Breach Reporting Guidance to Reduce Licensee Burden – ASIC


ASIC has released regulatory guidance for its new breach reporting requirements this week, which includes processes it says will ease the reporting burden for licensee firms.

Taking effect from 1 October 2021, the new breach reporting obligations will now accommodate batch uploading of reports where they derive from a single root cause.

This change has been introduced following an industry feedback process which the regulator characterises as having been “…greatly enhanced by the constructive submissions and valuable insights received from industry through the consultation.”

Karen Chester…Karen Chester…the  new obligations will help firms identify and act swiftly on the breaches that matter…

ASIC Deputy Chair, Karen Chester, says the ability for licensee firms to provide batch uploading “…will significantly reduce the reporting burden for licensees.”

The regulator notes it has also responded to industry feedback by incorporating an additional 15 working examples in its guidance.

In a statement accompanying the release of its regulatory guidance, ASIC notes these breach reporting reforms are intended to address long-standing concerns about breach reporting by making the reporting consistent, clearer and timely across the industry:

“ASIC analysis in 2018 revealed it took more than four years (on average) for large financial institutions to identify incidents that proved to be significant breaches. Today’s remediation tally reveals how much consumer harm these delays caused, and ultimately at great cost to those firms,” Chester says.

She adds the new obligations “…will help firms identify and act swiftly on the breaches that matter, making sure they get the attention they deserve. Licensees and boards will have greater confidence they are doing the right thing by consumers, and ultimately their firm and shareholders.”

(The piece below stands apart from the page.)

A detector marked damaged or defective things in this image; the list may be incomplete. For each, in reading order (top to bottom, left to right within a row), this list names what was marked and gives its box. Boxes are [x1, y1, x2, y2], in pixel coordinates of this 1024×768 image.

ASIC has also published INFO 259 which sets out actions that must be taken by licensees to notify affected customers of a breach of the law, investigate the breach and remediate impacted customers. It says this implements a new obligation that applies to licensees of financial advisers and mortgage brokers in certain situations.

…we will take a reasonable approach in the initial stages of these new obligations…

The commission notes that in line with its recent statement, it will “…take a reasonable approach in the initial stages of these new obligations provided industry participants are using their best efforts to comply.” (See: Reasonable Approach to New Laws Reforming Financial Services Sector.)

The AFA’s Phil Anderson welcomed the release of the new regulatory guide, noting that the new regime is less than four weeks away and was pleased that ASIC has issued an info sheet on the ‘notify, investigate and remediate’ obligations.

He says the association has been concerned about the new breach reporting regime, including the complexity of what is reportable and the prospect that it will lead to a substantial increase in the number of matters that need to be reported and the extent to which some of them will be minor or administrative matters.

“The recently issued breach reporting regulation has at least provided some important exemptions for civil penalty provisions that do not need to be reported.

“This is one more major reform that is happening at the same time as a lot of other change, whilst the adviser population is still coming to terms with other reforms that are continuing to play out… The new breach reporting regime will be particularly challenging for small licensees,” Anderson says.